#### Work instruction:
Nothing should appear in the answer except the lines below from the line containing "2025 BMW X1 xDrive28i photo 3" through the line containing "Skoda Kamiq Style", copied exactly, with pictures left out.

#### Material for this exercise:
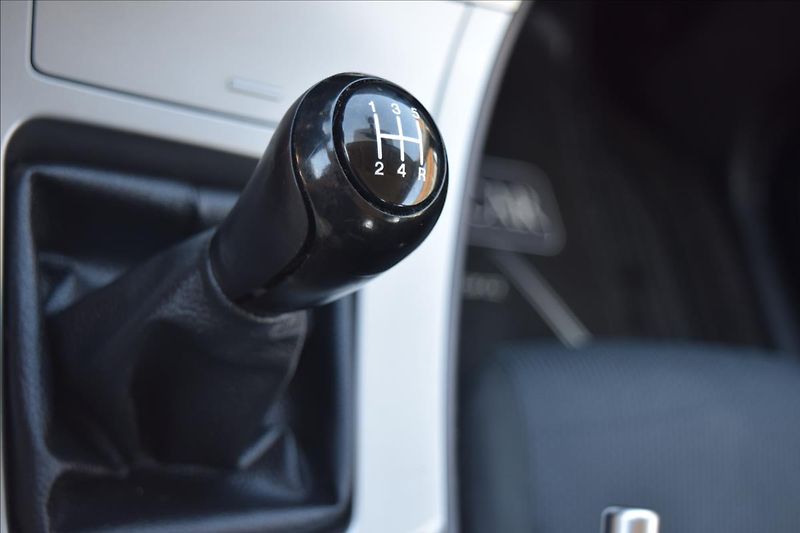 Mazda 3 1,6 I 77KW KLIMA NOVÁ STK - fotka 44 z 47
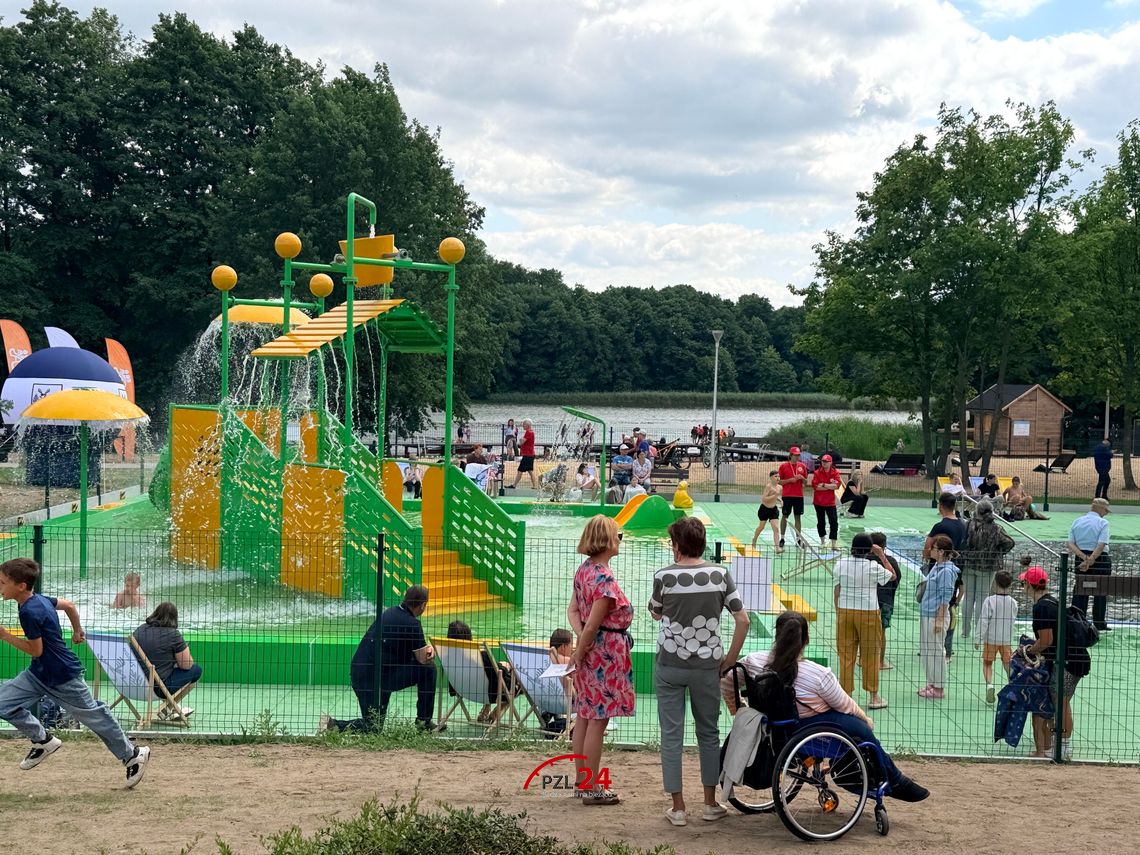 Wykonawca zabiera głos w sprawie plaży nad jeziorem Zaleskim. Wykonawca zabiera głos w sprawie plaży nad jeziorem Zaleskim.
==
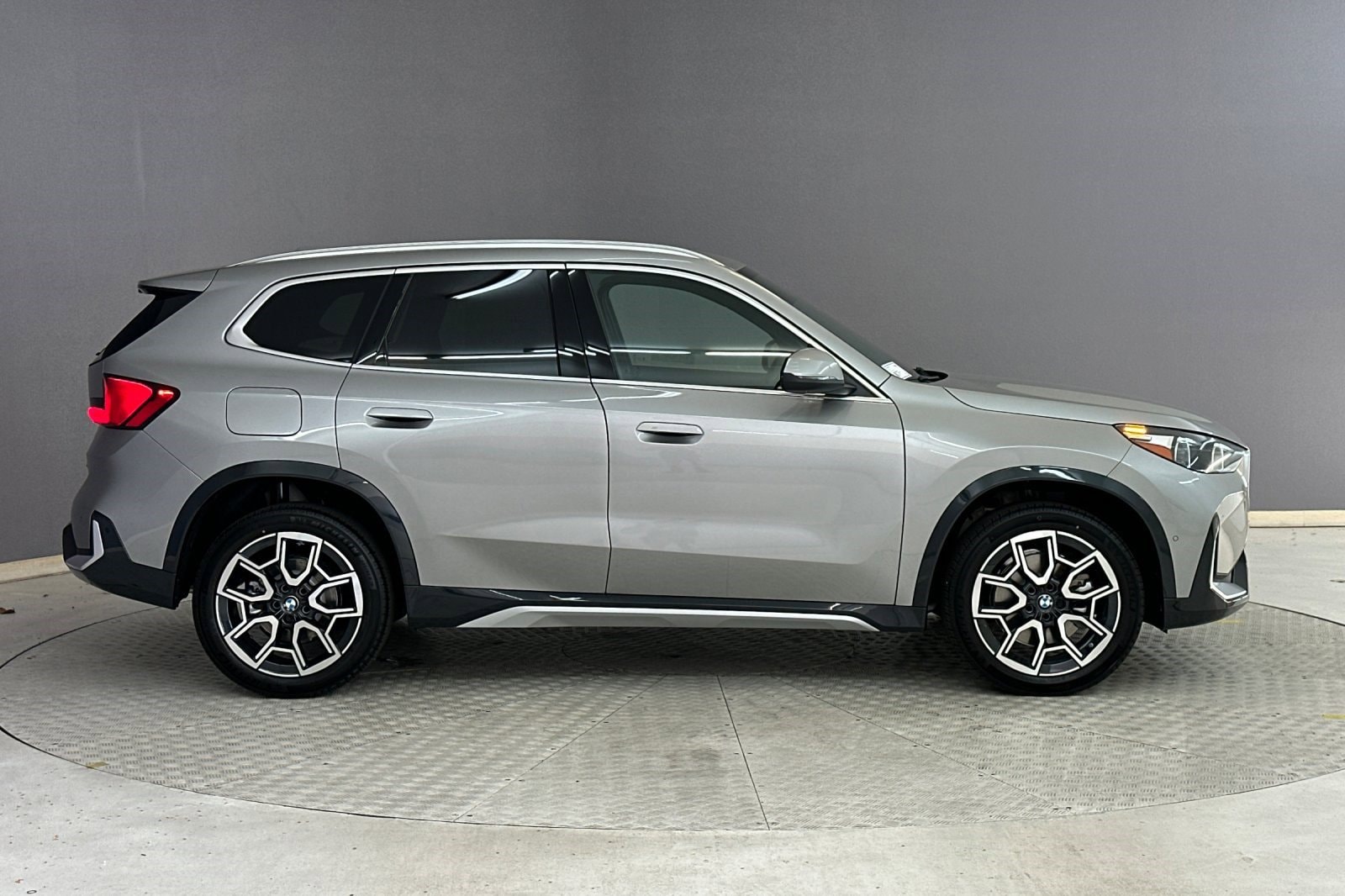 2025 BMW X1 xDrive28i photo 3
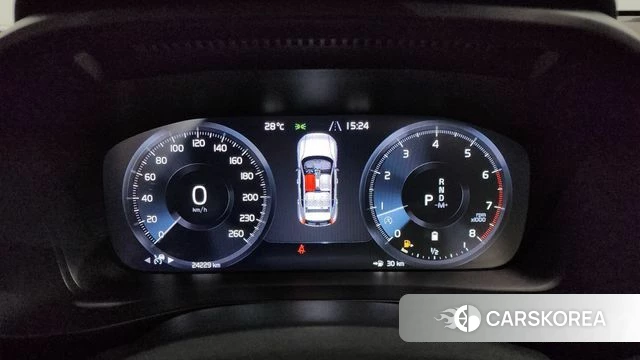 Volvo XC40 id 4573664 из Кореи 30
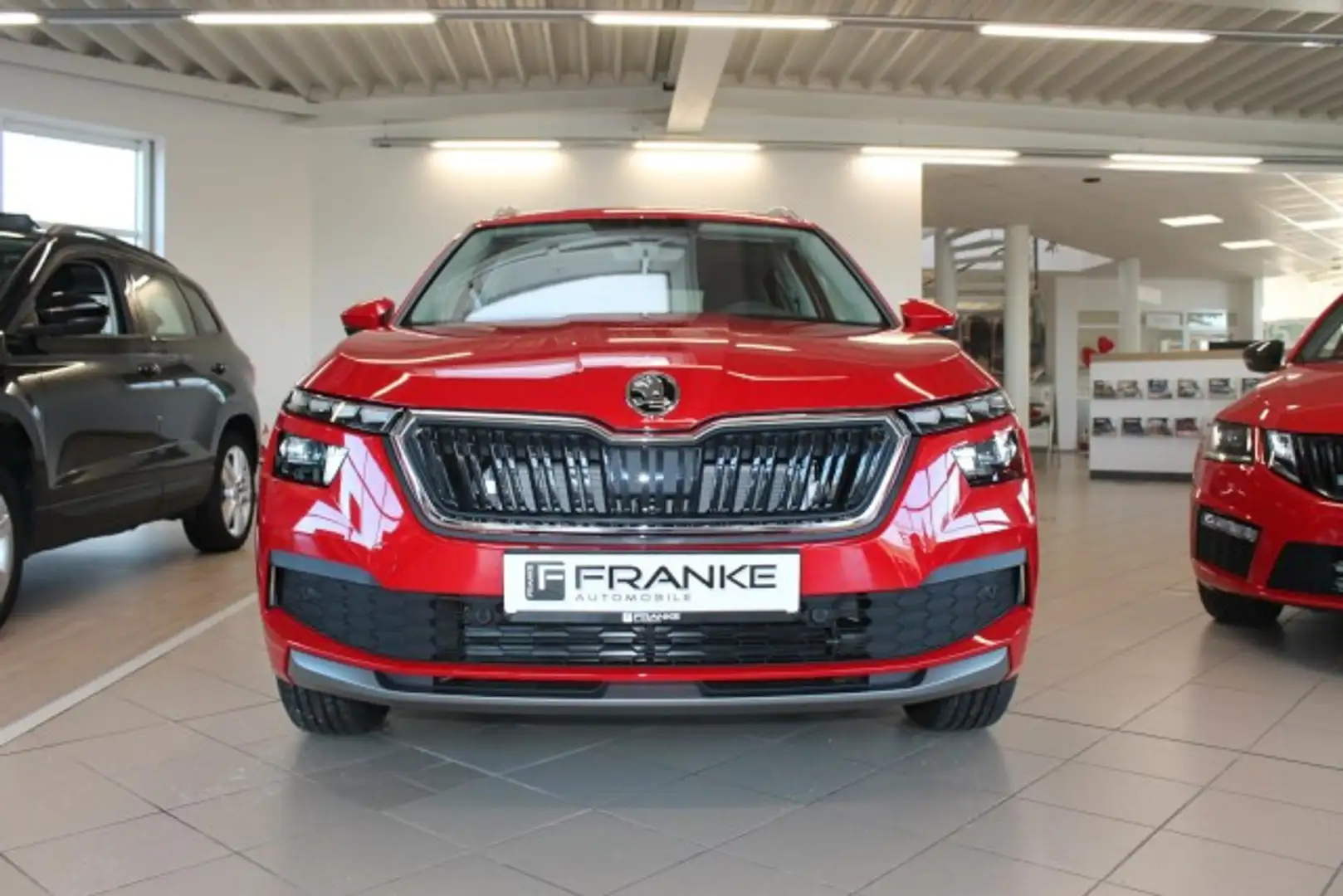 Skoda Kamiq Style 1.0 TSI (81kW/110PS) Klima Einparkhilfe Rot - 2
---
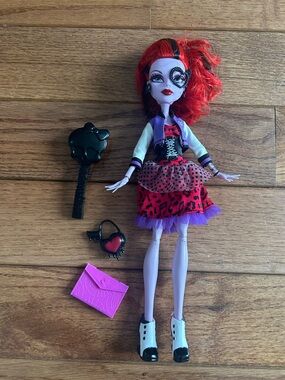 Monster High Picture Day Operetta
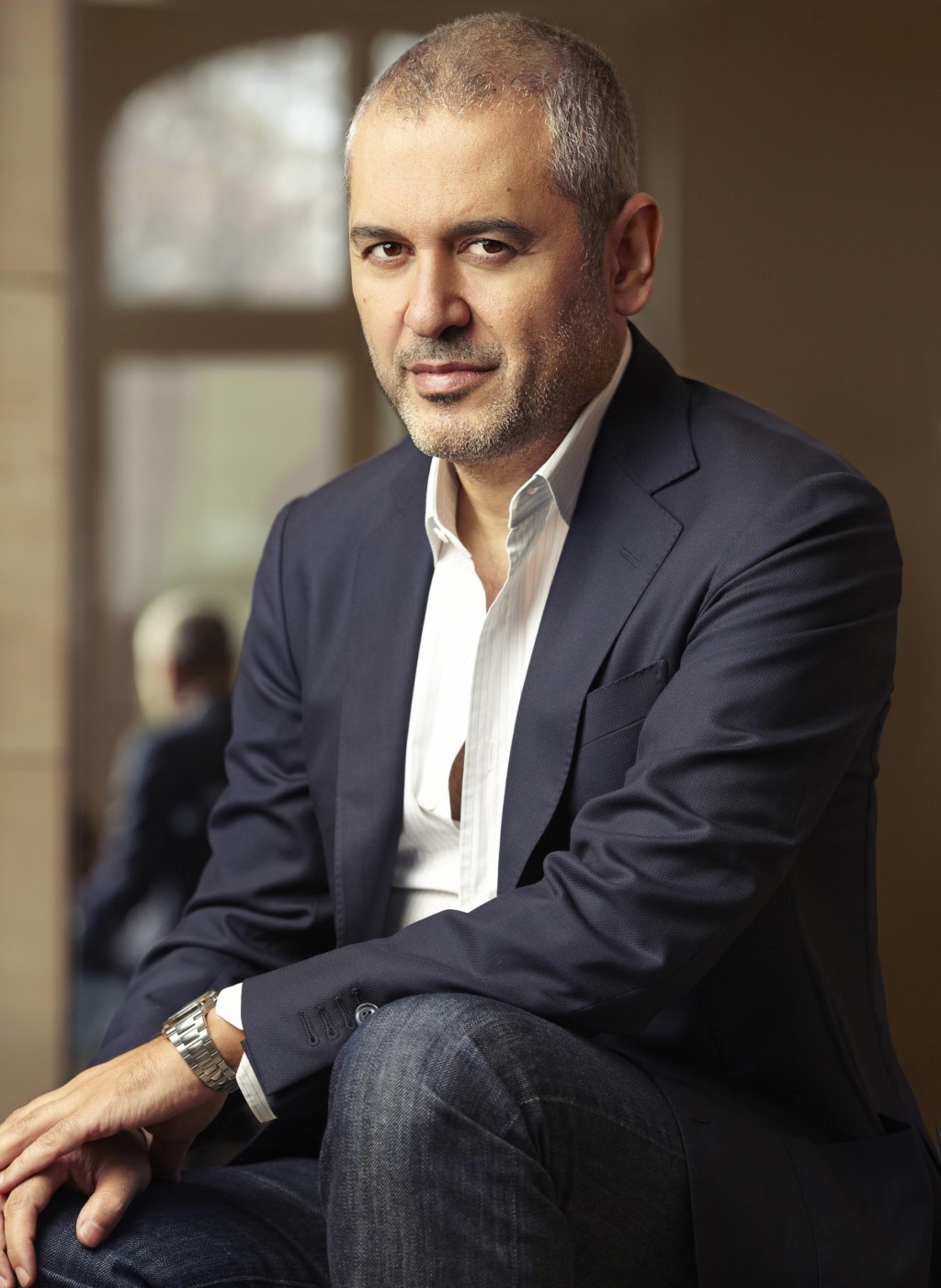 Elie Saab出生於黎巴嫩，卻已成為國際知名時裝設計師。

#### Solution below:
 2025 BMW X1 xDrive28i photo 3
 Volvo XC40 id 4573664 из Кореи 30
 Skoda Kamiq Style 1.0 TSI (81kW/110PS) Klima Einparkhilfe Rot - 2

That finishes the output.